Using the command line

To create a font file that's a subset I opted to use fonttools which allows us to do this both via the command line as well as in our script if we need some flexibility.

First, you'll need to install the package using pip via:

pip install fonttools

Then that's it. We can start to use the tool's CLI. To create a font subset we'll use the pyftsubset script that's installed with the package.

pyftsubset [font_path] --unicodes=U+270C,U+1F9E0,...

All we need to do is pass in the font file path as well as a comma-delimited list of the Unicode values representing the emojis and it will spit out a subset font file in our working directory.

Pretty simple. There are a ton of other options as well if you need fine-grain control. All the docs on how to use this script are available here.

Writing a simple script

If instead, you would like to like a custom script to do this we can still use the same fonttools package from Python to do this. Here's a simple one I wrote in that case:

"""Creates subset font based in input glyphs."""
from pathlib import Path
from operator import attrgetter
import argparse
from fontTools import subset

parser = argparse.ArgumentParser(
                    prog='emojicull',
                    description='Creates subset font.')
parser.add_argument('file_path', help='File path to font')
parser.add_argument('text', help='String containing glyphs in output font')
parser.add_argument('-fw',
    help='Forces woff2 output file', required=False, action='store_true')

def main(cargs):
    """Creates subset font based in input glyphs."""
    file_path, wanted_text, force_woff = attrgetter('file_path', 'text', 'fw')(cargs)
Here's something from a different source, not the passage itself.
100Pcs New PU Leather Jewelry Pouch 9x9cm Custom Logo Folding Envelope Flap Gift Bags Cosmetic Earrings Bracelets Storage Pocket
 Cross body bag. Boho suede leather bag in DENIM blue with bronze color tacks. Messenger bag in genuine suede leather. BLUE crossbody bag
    # ensure file exist and is file
    font_file = Path(file_path)
    if not font_file.is_file():
        print(f'Input path { file_path } is not a file')
        return

    extension, font_name = attrgetter('suffix', 'stem')(font_file)

    # create subset of glyphs based on input
    subsetter = subset.Subsetter()
    subsetter.populate(text=wanted_text)

    font = subset.load_font(file_path, subset.Options())

    # create subset and save output font
    output_options = subset.Options()
    if force_woff:
        output_options.set(flavor='woff2')

    subsetter.subset(font)
    output_ext = ".woff2" if force_woff else extension
    output_path = f'./{font_name}.mini{output_ext}'
    subset.save_font(font, output_path, output_options)

if __name__ == "__main__":
    args = parser.parse_args()
    main(args)

To use this script you'd only need 2 positional arguments in the form of:

python script.py [font_path] 🗓⏰📟☎💻🖱⌨💾💿📺📷...

This script is pretty bare bones but does have some nice stuff like argparse and is expandable if you'd like to instead parse a directory of fonts and cull all the same glyphs from each of them. Also, I opted to use some unneeded items like the attrgetter just because I like its similarity to object destructuring in JavaScript. The above script also has the option to force the newly created subset font to be woff2 encoded so Lighthouse won't complain.